The British example has shown us that there are no free lunches: if you do not pay teachers well, graduates will not go into teaching. Gradually the profession will become hollowed out. Initially this will manifest itself in the state sector, as good teachers opt for the better money and conditions of the private sector. As the teachers leave, so too do the pupils.
Middle-class parents follow middle-class teachers. Over time, the middle classes opt out of the state school system, reinforcing the gap between the private and the public sphere. Residential areas that manage to retain a good basic primary school become much sought after, not because of transport links or elegant Edwardian terraces, but because little Miranda will learn how to read and write in the local school.
These schools can charge almost whatever they like, and it is not unusual for them to cost a couple of grand a term. So parents end up paying for lunch anyway. Unfortunately, in the process the class system is also reinforced at a very early stage, and, far from facilitating a melting-pot of races and classes, the London education system becomes an instrument of social segregation.
Another peculiar effect of the emasculation of the teaching profession in Britain is the rise in religious observance.
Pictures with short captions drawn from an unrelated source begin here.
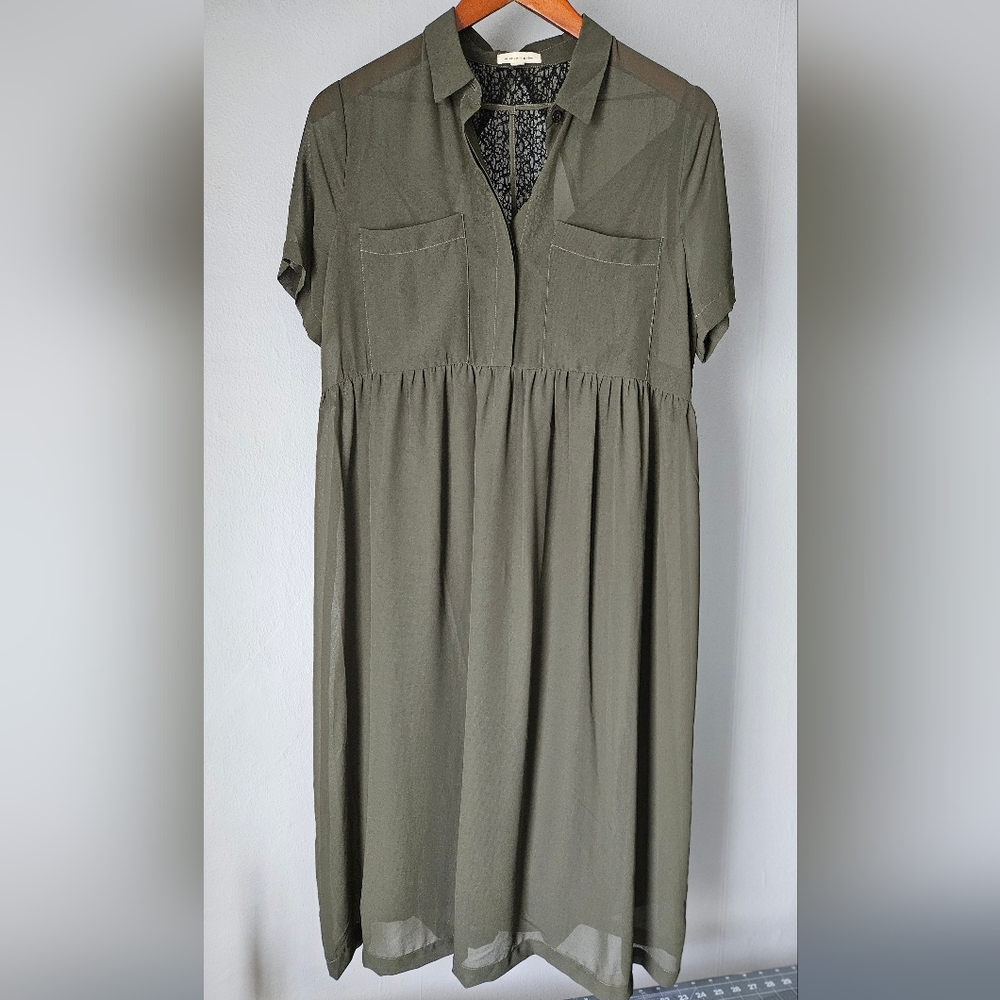 Urban Outfitters X Silence+Noise Sheer Olive Green Babydoll Midi Dress w/ Slip
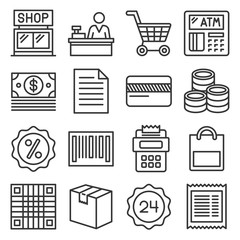 Finance and Shopping Icons Set. Line Style Vector
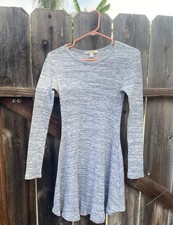 miami Skater Dress Womens Small S Grey Heathered Ribbed Knit Long Sleeve Mini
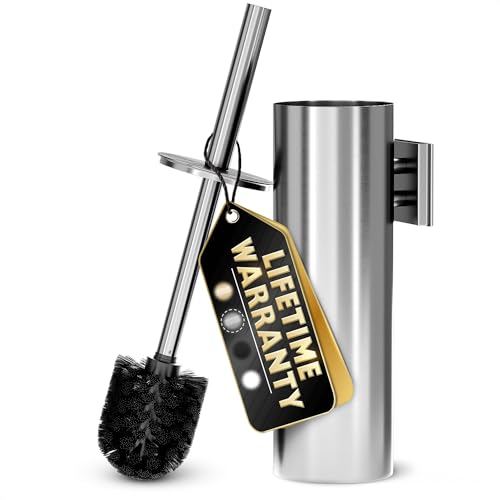 Silver Modern Toilet Brush and Holder Set with Wall Mount - Stainless Steel Toilet Brush with Holder - Removable Inner Bowl Shiny Design Splash Protection & Dense Bristles for Bathroom Cleaning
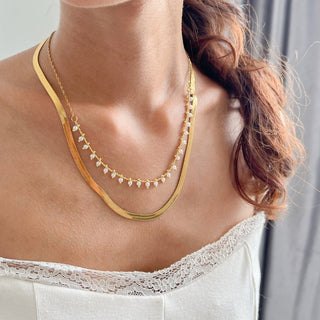 Flat Snake Choker + Pearl Smyckesset 18K Guldpläterat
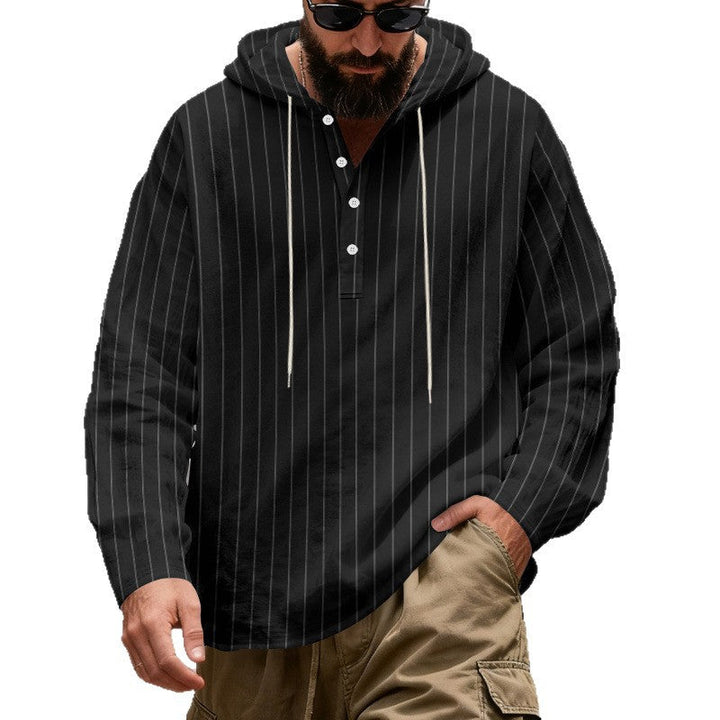 Herr Lätt Luvtröja Henley Skjorta med Fin Pinstripes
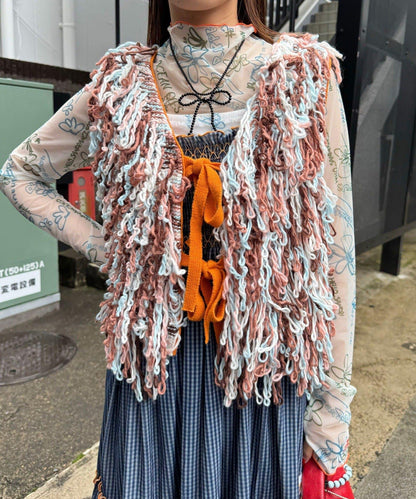 【HELLO.SANFRANCISCO/ハローサンフランシスコ】彩色流蘇緞帶馬甲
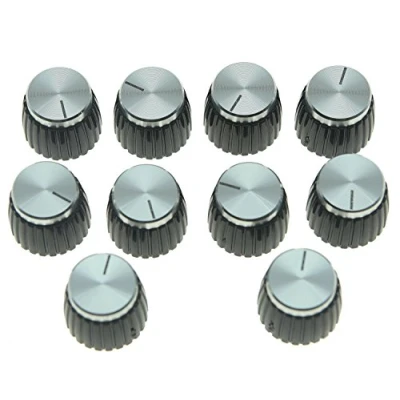 Afbeelding van KAISH 10Pcs Gitaar AMP Versterker Push on fit Knoppen Zwart met Zilver Aluminium Cap Top voor Marshall Versterkers 6mm diameter Potten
Odd, but true.
Recent years have seen the mass conversion to religion of hitherto agnostic parents. This is because today the best primary schools in London are either Church of England or Catholic. You have to be in the club for little Miranda to get into the school. So many parents who haven’t been inside a church since their granny’s funeral are regularly hauling themselves out of bed on a Sunday to ‘get Mass’. Apparently, hypocritical investment bankers make great ministers of the Eucharist.
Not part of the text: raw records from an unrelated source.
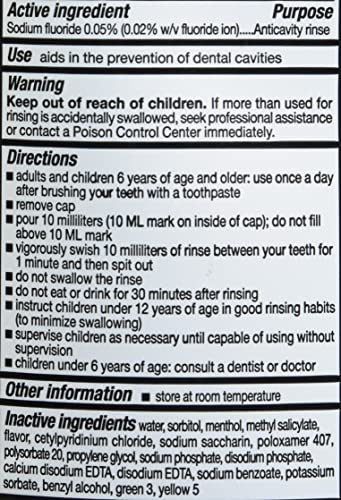 AMAZON BRAND – SOLIMO ANTICAVITY FLUORIDE RINSE, ALCOHOL FREE, MINT, 18 FL OZ (PACK OF 1)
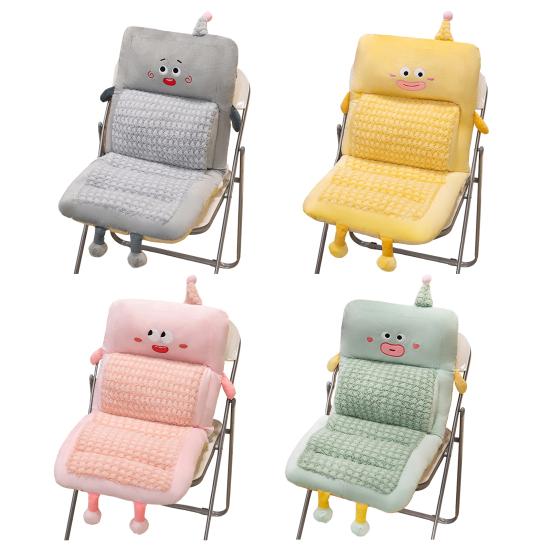 Plush Office Seat Cushion Soft Cartoon Seat Pad with Lumbar Pillow And Back Support Non-Slip Rocking Chair Cushion for Dorm Floor Car Office Patio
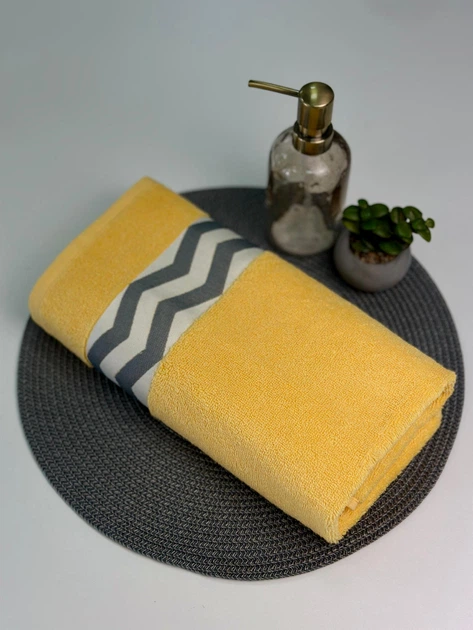 Махровое полотенце с зигзагами Osborn Textile 50х90 см Желтый 500 г\м2 - Фото 5 Махровое полотенце с зигзагами Osborn Textile 50х90 см Желтый 500 г\м2 - изображение 5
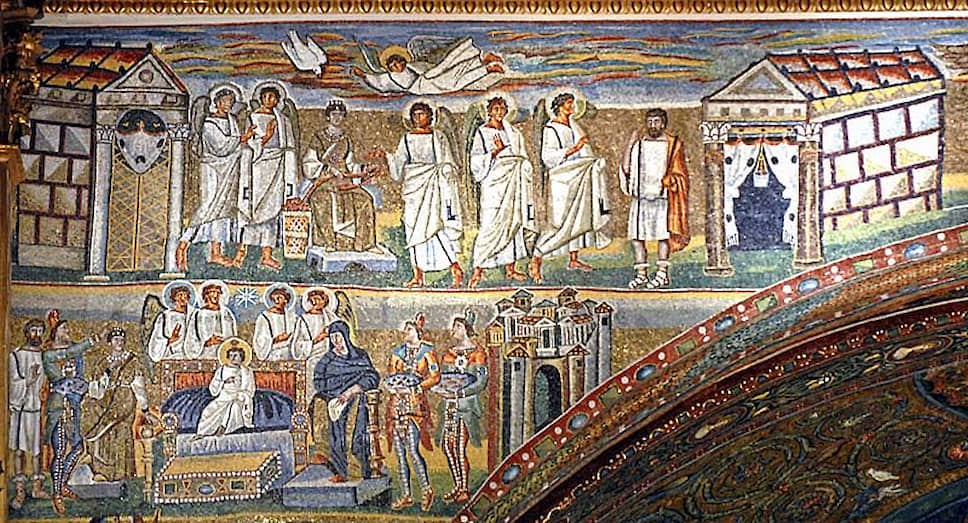 Сверху вниз: &quot;Благовещение&quot; и &quot;Поклонение волхвов&quot;. Мозаика в базилике Санта Мария Маджоре, Рим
These are only two of the many significant changes that occur when teaching loses its position in a society, where status is bestowed by what you own, wear and drive. Obviously teachers want to play the competitive consumption game too, and so existing teachers feel economically vulnerable. More worryingly, few young graduates will entertain such a low-paid career today. In Britain, young teachers are regarded as laudable freaks who possess some sort of weird vocation.
There are other long-term ramifications of teachers slipping down the social pecking order. In the US, teachers are becoming more stupid. Since 1963, teachers’ salaries have fallen from 118 per cent of the average graduate salary to 92 per cent in 1997 and there has been a coincident decline in the average academic qualification of teachers.
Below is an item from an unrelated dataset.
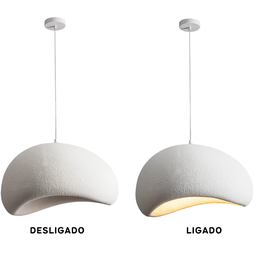 Luminária Pendente Cúpula Estilo Japonês Cor Branca com 50cm - 2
Obviously, better teachers and more of them affect how children learn. A recent US study estimates that if teachers’ pay had remained on a par with other professions in the past three decades, current dropout rates would be 8 per cent lower and university enrolment four per cent higher than they are today. School sizes also matter. A different US study on schools sizes reveals that 61 per cent of kids in smaller classes score better than the national average.
At a more esoteric macroeconomic level, good teachers make smart students who make better workers, who are more productive, who allow the growth rate of the country to be higher than other countries with educational deficiencies. Thus, declining teaching standards today will be felt in our pockets tomorrow.
You don’t have to support the ASTI’s more colourful tactics to realise that good teachers are central to a functioning society in the way that good management consultants or good economists are not. Our world of instant material gratification allows little or no room for the traditional vocational values in teaching.
But why shouldn’t a teacher aspire to the latest designer clobber like everyone else? The ASTI’s tactics are probably doing teachers a disservice, but the overall strategy is about much more than budget deficits, caps on spending and the supervision allowances — it is about the future of our society.